Berlin embarrassé par l’arrestation d’un officier allemand

Berlin embarrassé par l’arrestation d’un officier allemand

L’arrestation cette semaine d’un militaire allemand se faisant passer pour un réfugié syrien et soupçonné de préparer un attentat contre des étrangers tourne au scandale dans le pays, pour l’armée et le système de contrôle des migrants.

Suite à l’incarcération jeudi de cet officier avec le grade de lieutenant, stationné en France, la Bundeswehr se voit accusée de ne pas suffisamment lutter contre les tendances d’extrême droite dans ses rangs.

Surtout, les critiques pleuvent contre l’administration chargée de gérer le flux sans précédent de réfugiés arrivés dans le pays depuis 2015.

« Histoire de fous »

« Cette affaire est totalement étrange, une histoire de fous », a commenté un élu de la gauche radicale allemande, André Hahn, après une première audition, vendredi, au Parlement du contrôleur en chef de l’armée sur le sujet.

L’officier allemand, dont l’identité n’a pas été révélée, a été arrêté jeudi lors d’une vaste opération de police.

Il est soupçonné, peut-être avec l’aide d’un autre homme de 24 ans, d’avoir préparé un attentat à l’arme à feu après avoir mené une double vie pendant plus d’un an.

Les médias évoquent un possible attentat contre des réfugiés ou visant une autre cible en faisant porter la responsabilité à des migrants. Le quotidien Bild parle samedi d’une « liste » retrouvée par la police de personnes à tuer, sur laquelle figurent notamment des militants de gauche.

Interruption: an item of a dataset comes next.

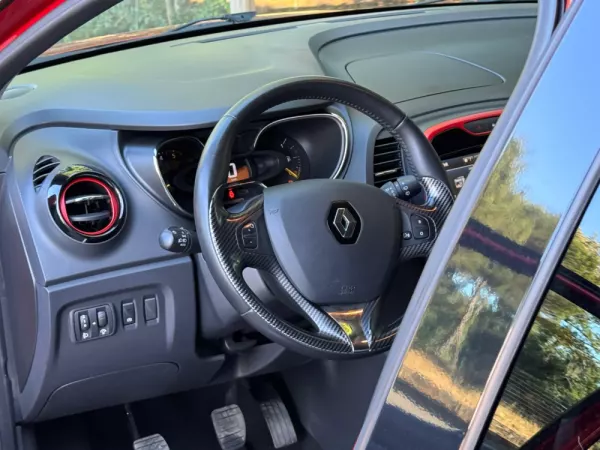 Renault Captur 1.5 dCi Helly Hansen 13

L’homme avait réussi à se faire passer pour un demandeur d’asile syrien et obtenir en novembre, suite à un entretien, ce statut de l’Office allemand des migrations alors que ce dernier est censé procéder à de strictes vérifications.

Ce statut lui a permis de percevoir 400 euros d’aide sociale par mois, ainsi qu’un logement, en plus de sa solde d’officier de 3.200 euros.

L’affaire est particulièrement embarrassante pour les ministres de l’Intérieur Thomas de Maizière et de la Défense Ursula von der Leyen, mais aussi plus largement pour Angela Merkel.

Le gouvernement critiqué

Son gouvernement a promis, après notamment des attentats islamistes commis dans le pays par des réfugiés, de renforcer les contrôles sur l’identité et le parcours des demandeurs d’asile, dont plus d’un million sont arrivés depuis 2015.

« M. de Maizière et Mme von der Leyen n’arrivent pas à tenir leurs administrations. (Ils) sont un risque pour la sécurité » du pays, a tonné une responsable du parti social-démocrate, Katarina Barley.

« Nous allons élucider tout cela de manière rigoureuse et en tirerons, si nécessaire, les conclusions fermes » qui s’imposeront, a réagi samedi Mme von der Leyen.

Ce n’est qu’après son arrestation récente en Autriche, où il était venu récupérer une arme illégale, que la police allemande s’est intéressé à l’officier.

Fait particulièrement troublant, selon plusieurs médias, l’officier a réussi à tromper la vigilance de l’administration chargée de l’asile alors qu’il s’est présenté début 2016 comme un Syrien répondant au nom de David Benjamin.

Une identité pourtant peu crédible pour un ressortissant d’un pays arabe.

Il a affirmé être un Syrien chrétien d’origine française et parlé à l’Office des Migrations en français, qu’il connaissait du fait de son stationnement dans la base franco-allemande d’Illkirch, près de Strasbourg (est de la France). A aucun moment l’administration n’a vérifié s’il parlait arabe.

M. de Maizière a annoncé samedi avoir ouvert une enquête au sein de l’Office.

Le ministère de l’Intérieur a reconnu une « erreur » et promis de « retourner jusqu’à la dernière pierre (…) pour comprendre comment cela a pu arriver et, s’il y en a, corriger les défaillances » du système, a souligné son porte-parole Tobias Plate.

Au sein de l’armée, le service de renseignement militaire est accusé de ne pas avoir fait son travail pour déceler la double vie de l’officier mais surtout ses tendances xénophobes, révélées par le contenu de sa messagerie sur son téléphone portable.

Et ce alors que la Bundeswehr a été plusieurs fois dans le passé ébranlée par des affaires sur la présence de sympathisants d’extrême droite dans ses rangs.

Un « groupe de coordination » entre les ministères de la Défense et de l’Intérieur va enquêter, a précisé samedi Ursula von der Leyen, pour qui « l’extrémisme », quel qu’il soit, « n’a de place ni dans la Bundeswehr ni dans la société » allemande.